*ASSIGNED TASK*.
Find the line containing "RI license plate 081755" in the listing below. Repeat it exactly, along with each following line up to and including the one containing "Alt view image".

*EXCERPTED DATA*.
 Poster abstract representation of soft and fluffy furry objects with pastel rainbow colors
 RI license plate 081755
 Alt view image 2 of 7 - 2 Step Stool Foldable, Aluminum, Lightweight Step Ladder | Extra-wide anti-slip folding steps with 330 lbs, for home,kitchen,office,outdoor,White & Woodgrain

==

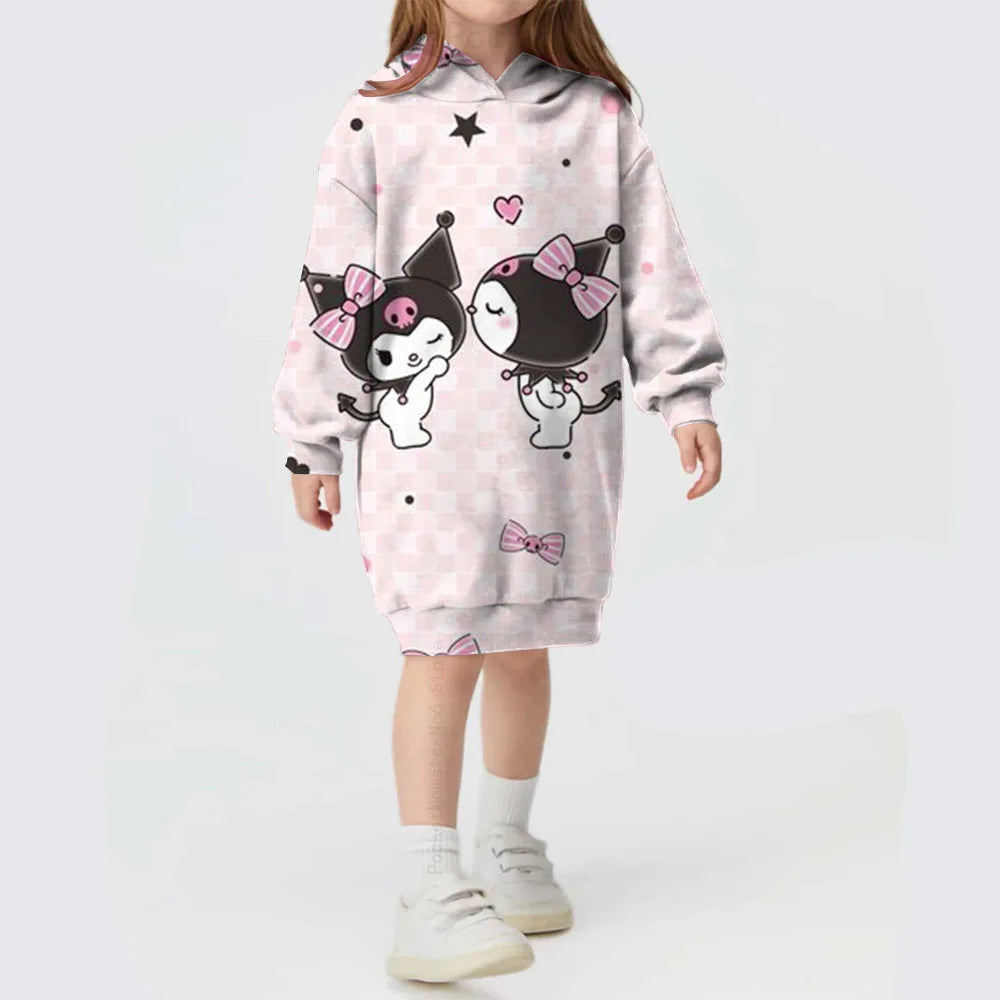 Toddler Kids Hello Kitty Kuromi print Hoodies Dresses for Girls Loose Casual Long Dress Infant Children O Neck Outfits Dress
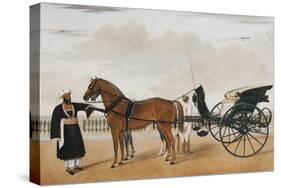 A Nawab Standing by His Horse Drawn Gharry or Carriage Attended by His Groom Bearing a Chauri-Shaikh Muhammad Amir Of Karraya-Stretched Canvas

*TASK RESULT*.
 RI license plate 081755
 Alt view image 2 of 7 - 2 Step Stool Foldable, Aluminum, Lightweight Step Ladder | Extra-wide anti-slip folding steps with 330 lbs, for home,kitchen,office,outdoor,White & Woodgrain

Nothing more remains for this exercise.